Dataflow を使用して Pub/Sub メッセージを Cloud Storage にストリーミングします。
このコードサンプルが含まれるドキュメント ページ
コンテキストで使用されているコードサンプルを表示するには、次のドキュメントをご覧ください。
コードサンプル
Java
このサンプルを試す前に、Pub/Sub クイックスタート: クライアント ライブラリの使用にある Java 向けの手順に従って設定を行ってください。詳細については、Pub/Sub Java API のリファレンス ドキュメントをご覧ください。
import java.io.IOException;
import org.apache.beam.examples.common.WriteOneFilePerWindow;
import org.apache.beam.sdk.Pipeline;
import org.apache.beam.sdk.io.gcp.pubsub.PubsubIO;
import org.apache.beam.sdk.options.Default;
import org.apache.beam.sdk.options.Description;
import org.apache.beam.sdk.options.PipelineOptions;
import org.apache.beam.sdk.options.PipelineOptionsFactory;
import org.apache.beam.sdk.options.StreamingOptions;
import org.apache.beam.sdk.options.Validation.Required;
import org.apache.beam.sdk.transforms.windowing.FixedWindows;
import org.apache.beam.sdk.transforms.windowing.Window;
import org.joda.time.Duration;
public class PubSubToGcs {
/*
* Define your own configuration options. Add your own arguments to be processed
* by the command-line parser, and specify default values for them.
*/
public interface PubSubToGcsOptions extends PipelineOptions, StreamingOptions {
@Description("The Cloud Pub/Sub topic to read from.")
@Required
String getInputTopic();
void setInputTopic(String value);
@Description("Output file's window size in number of minutes.")
@Default.Integer(1)
Integer getWindowSize();
void setWindowSize(Integer value);
@Description("Path of the output file including its filename prefix.")
@Required
String getOutput();
void setOutput(String value);
}
public static void main(String[] args) throws IOException {
// The maximum number of shards when writing output.
int numShards = 1;
PubSubToGcsOptions options =
PipelineOptionsFactory.fromArgs(args).withValidation().as(PubSubToGcsOptions.class);
options.setStreaming(true);
Pipeline pipeline = Pipeline.create(options);
pipeline
// 1) Read string messages from a Pub/Sub topic.

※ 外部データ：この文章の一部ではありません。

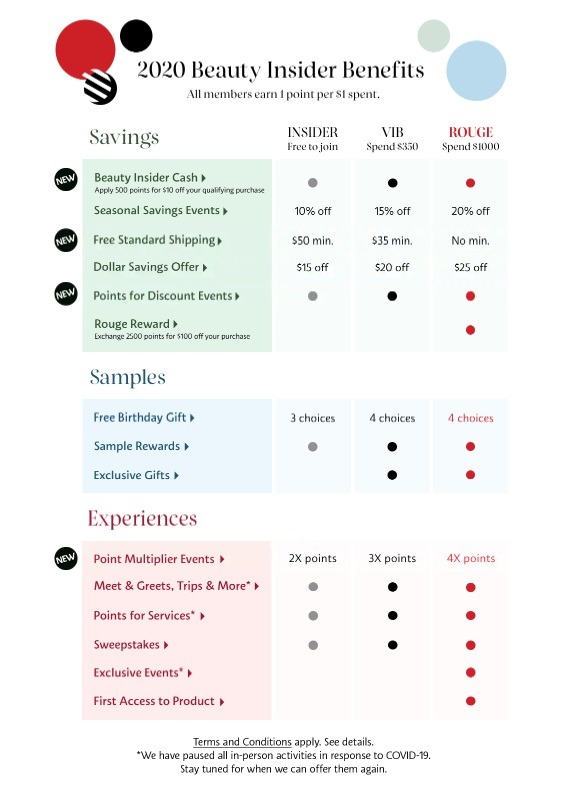 personalized beauty loyalty programs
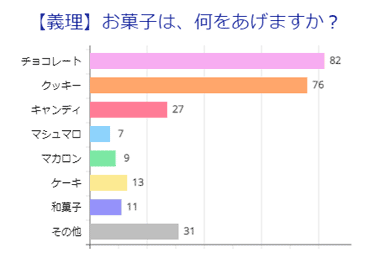 【義理】お菓子は、何をあげますか？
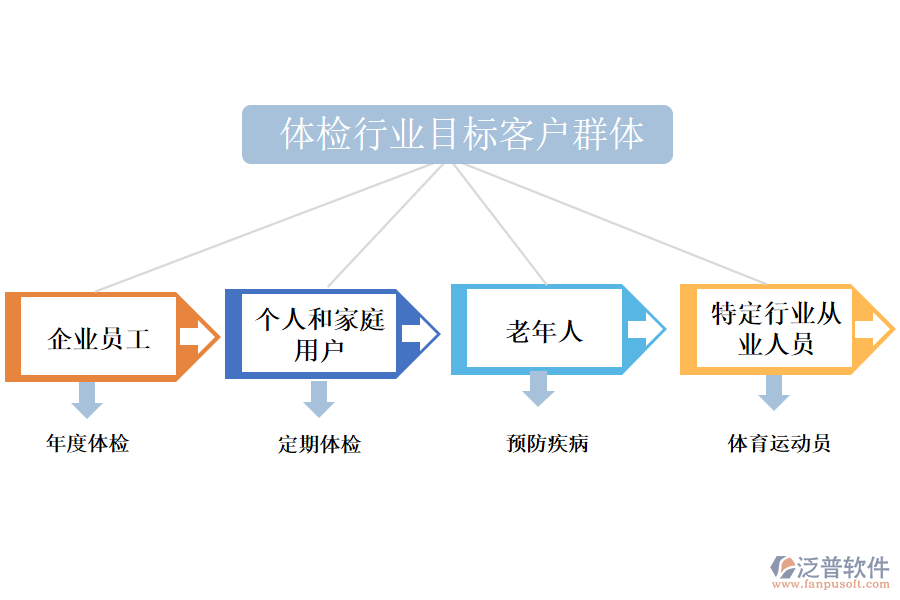 二、體檢行業(yè)目標客戶群體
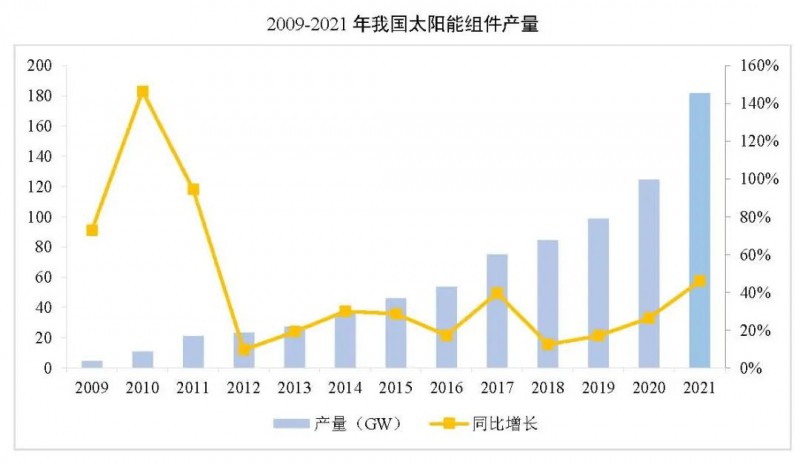 同比增長44.8%??！2021年我國光伏組件出口額246.1億美元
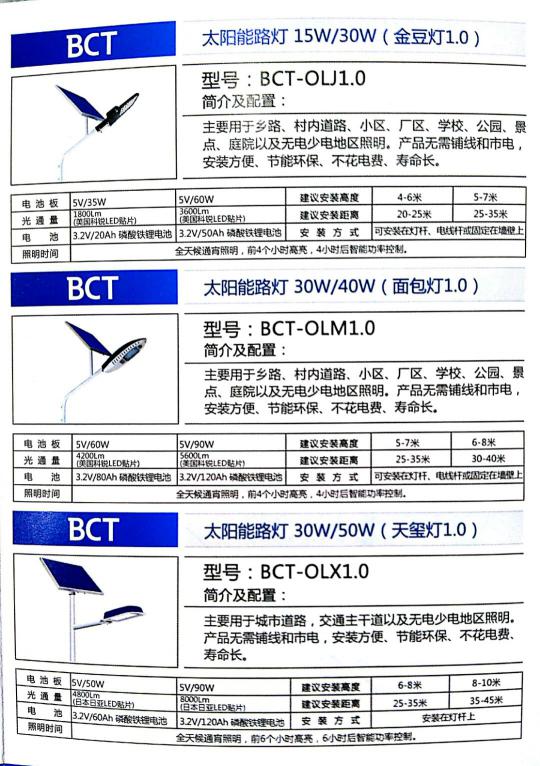 新疆太阳能庭院灯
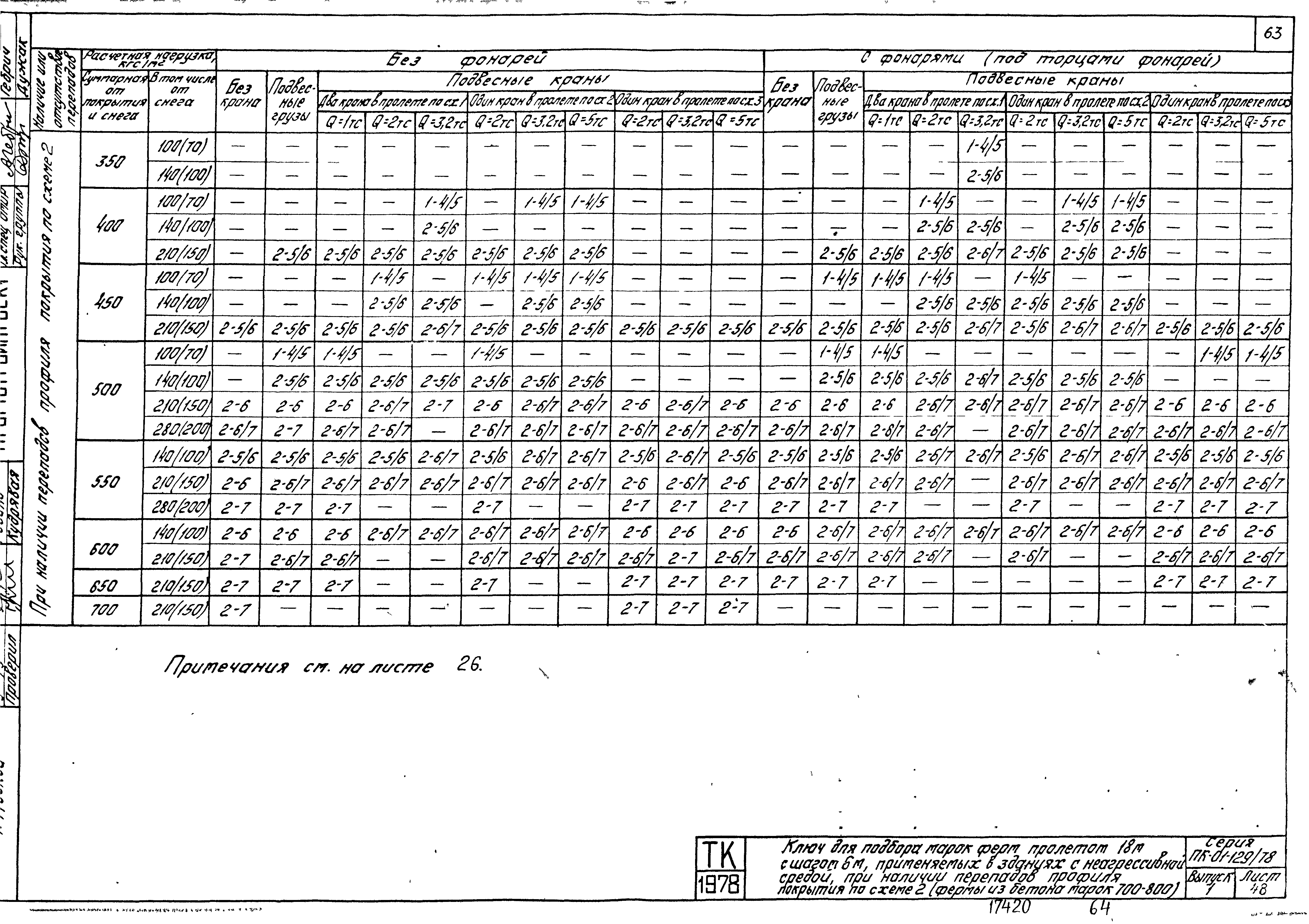 Серия ПК-01-129/78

.apply("Read PubSub Messages", PubsubIO.readStrings().fromTopic(options.getInputTopic()))
// 2) Group the messages into fixed-sized minute intervals.
.apply(Window.into(FixedWindows.of(Duration.standardMinutes(options.getWindowSize()))))
// 3) Write one file to GCS for every window of messages.
.apply("Write Files to GCS", new WriteOneFilePerWindow(options.getOutput(), numShards));
// Execute the pipeline and wait until it finishes running.
pipeline.run().waitUntilFinish();
}
}
Python
このサンプルを試す前に、Pub/Sub クイックスタート: クライアント ライブラリの使用にある Python 向けの手順に従って設定を行ってください。詳細については、Pub/Sub Python API のリファレンス ドキュメントをご覧ください。
import argparse
import datetime
import json
import logging
import apache_beam as beam
from apache_beam.options.pipeline_options import PipelineOptions
import apache_beam.transforms.window as window
class GroupWindowsIntoBatches(beam.PTransform):
"""A composite transform that groups Pub/Sub messages based on publish
time and outputs a list of dictionaries, where each contains one message
and its publish timestamp.
"""
def __init__(self, window_size):
# Convert minutes into seconds.
self.window_size = int(window_size * 60)
def expand(self, pcoll):
return (
pcoll
# Assigns window info to each Pub/Sub message based on its
# publish timestamp.
| "Window into Fixed Intervals"
>> beam.WindowInto(window.FixedWindows(self.window_size))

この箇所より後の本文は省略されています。